**REQUIRED WORK:**
Only the lines below from the one with "Uniqlo Straight Chinos" through the one with "Película fusor manga" are to be written out, exactly and without any images.

**SUPPLIED ENTRIES:**
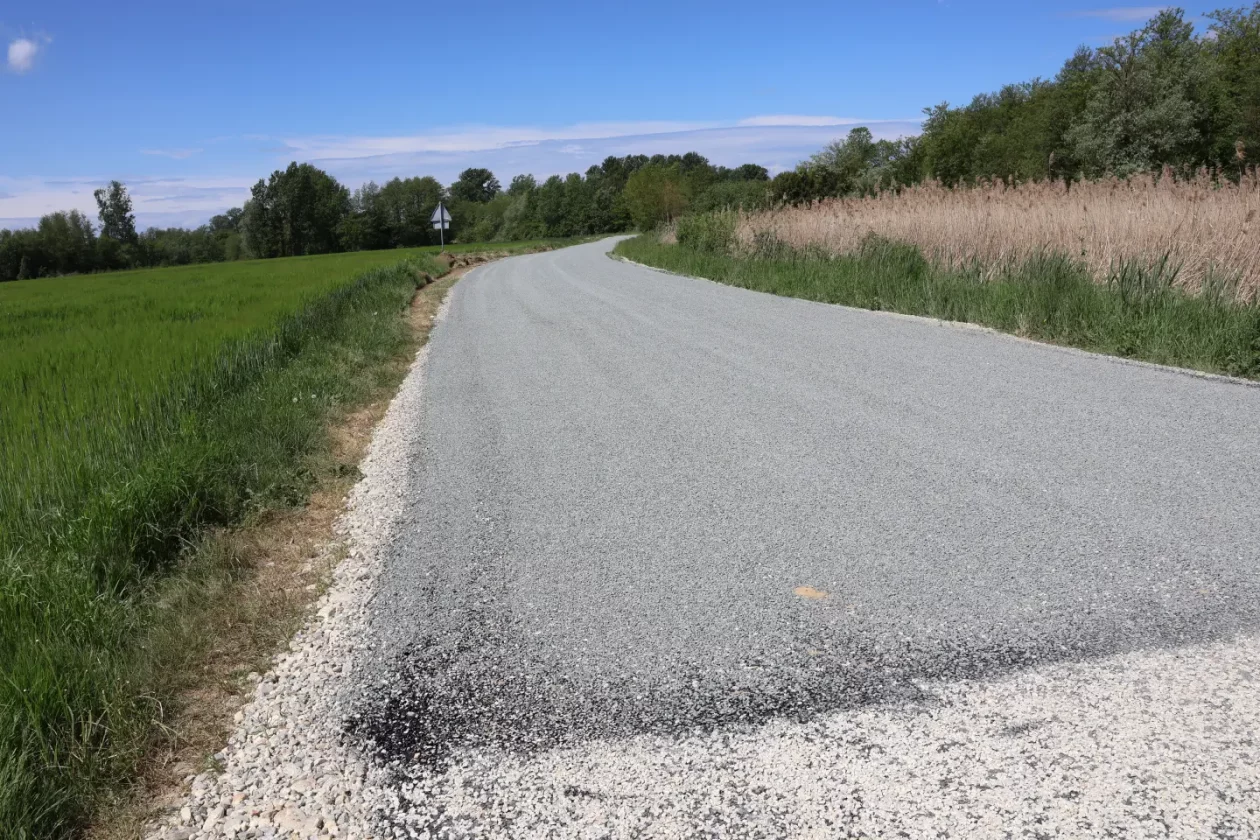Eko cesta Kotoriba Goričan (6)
* * *
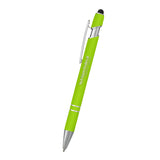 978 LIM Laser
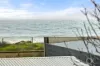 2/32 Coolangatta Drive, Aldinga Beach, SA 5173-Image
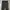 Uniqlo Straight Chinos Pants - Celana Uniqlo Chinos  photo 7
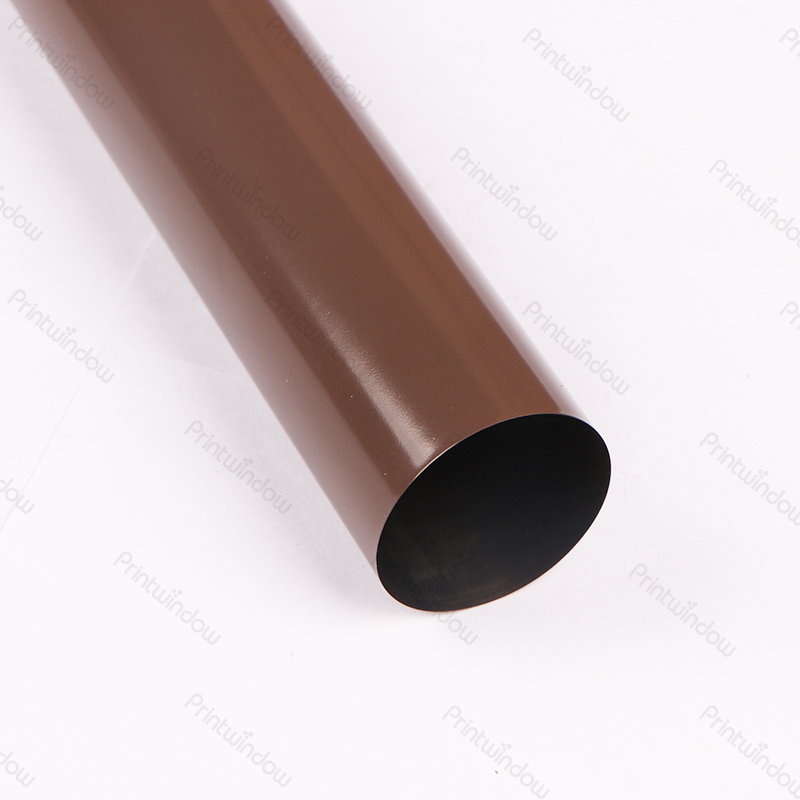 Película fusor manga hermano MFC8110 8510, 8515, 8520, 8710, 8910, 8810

**EXPECTED OUTPUT:**
 Uniqlo Straight Chinos Pants - Celana Uniqlo Chinos  photo 7
 Película fusor manga hermano MFC8110 8510, 8515, 8520, 8710, 8910, 8810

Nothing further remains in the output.